On a Mercator chart the scale varies with
the latitude.
Chart Scales
This is noticeable on a chart covering
a relatively large distance in a
north-south direction.
On such a chart the border scale near
the latitude in question should be used
for measuring distances.
Chart Scales
Of the various methods of indicating scale,
the graphical method is normally available
in some form on the chart. In addition, the
scale is customarily stated on charts on
which the scale does not change
appreciably over the chart.
Chart Scales
The ways of expressing the scale of a
chart are readily interchangeable.
For instance, in a nautical mile there
are about 72,913.39 inches.
Chart Scales
If the natural scale of a chart is
1:80,000, one inch of the chart
represents 80,000 inches of the earth,
or a little more than a mile.
Chart Scales
To find the exact amount, divide the scale
by the number of inches in a mile, or
80,000/72,913.39 = 1.097. Thus, a scale of
1:80,000 is the same as a scale of 1.097 (or
approximately 1.1) miles to an inch.
Chart Scales
Stated another way, there are:
72,913.39/80,000 = 0.911 (approximately
0.9) inch to a mile. Similarly, if the scale is
60 nautical miles to an inch, the
representative fraction is 1:(60 x 72,913.39)
= 1:4,374,803.
Chart Scales
A chart covering a relatively large area is
called a small-scale chart and one
covering a relatively small area is called
a large-scale chart.
Chart Scales
Since the terms are relative, there is no
sharp division between the two. Thus, a
chart of scale 1:100,000 is large scale when
compared with a chart of 1:1,000,000 but
small scale when compared with one of
1:25,000.
Chart Scales
As scale decreases, the amount of detail
which can be shown decreases also.
Cartographers selectively decrease the
detail in a process
called generalization when producing
small scale charts using large scale charts
as sources.
Chart Scales
The amount of detail shown depends
on several factors, among them the
coverage of the area at larger scales
and the intended use of the chart.
Classification of Nautical Charts
Charts are constructed on many different
scales, ranging from about 1:2,500 to
1:14,000,000 (and even smaller for some
world charts). Small-scale charts are used
for voyage planning and offshore navigation.

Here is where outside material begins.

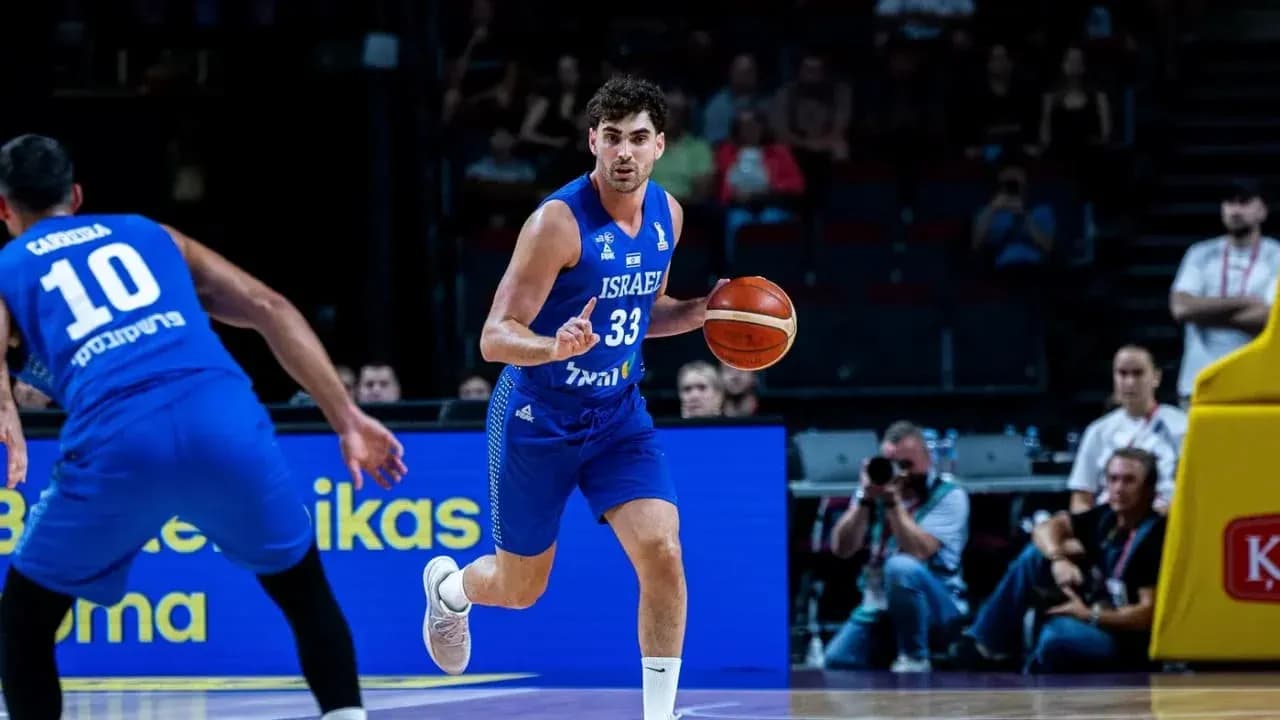 Israeli player dribbling basketball during a game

Classification of Nautical Charts
Charts of larger scale are used as the vessel
approaches land. Several methods of
classifying charts according to scale are in
use in various nations. The following
classifications of nautical charts are those
used by the National Ocean Survey:
Classification of Nautical Charts
1. Sailing charts are the smallest scale
charts used for planning, fixing position at
sea, and for plotting the dead reckoning
while proceeding on a long voyage.
The scale is generally smaller than
1:600,000.
Classification of Nautical Charts
2. General charts are intended for
coastwise navigation outside of outlying
reefs and shoals.
The scales range from about 1:150,000 to
1:600,000.
Classification of Nautical Charts
3. Coast (coastal) charts are intended for inshore
coastwise navigation where the course may lie
inside outlying reefs and shoals, for entering or
leaving bays and harbors of considerable width,
and for navigating large inland waterways.

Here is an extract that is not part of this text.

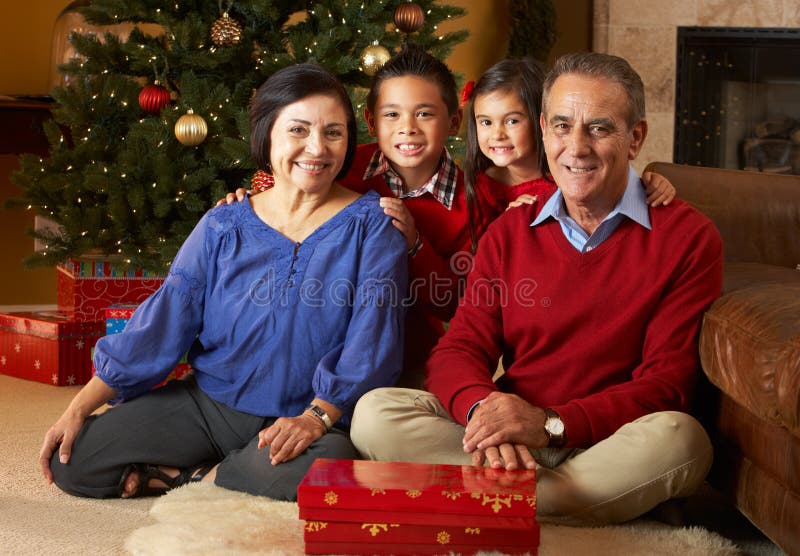 Grandparents with Grandchildren by Christmas Tree Stock Image - Image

The scales range from about 1:50,000 to
1:150,000.
Classification of Nautical Charts
4. Harbour charts are intended for
navigation and anchorage in harbours and
small waterways.
The scale is generally larger than 1:50,000.
Factors Relating to Accuracy
1. Hydrographic Survey – The accuracy of
the chart depends upon the accuracy of the
hydrographic surveys.
Factors Relating to Accuracy
2. Completeness of the soundings – The
number of soundings and their spacing
indicates the completeness of the survey.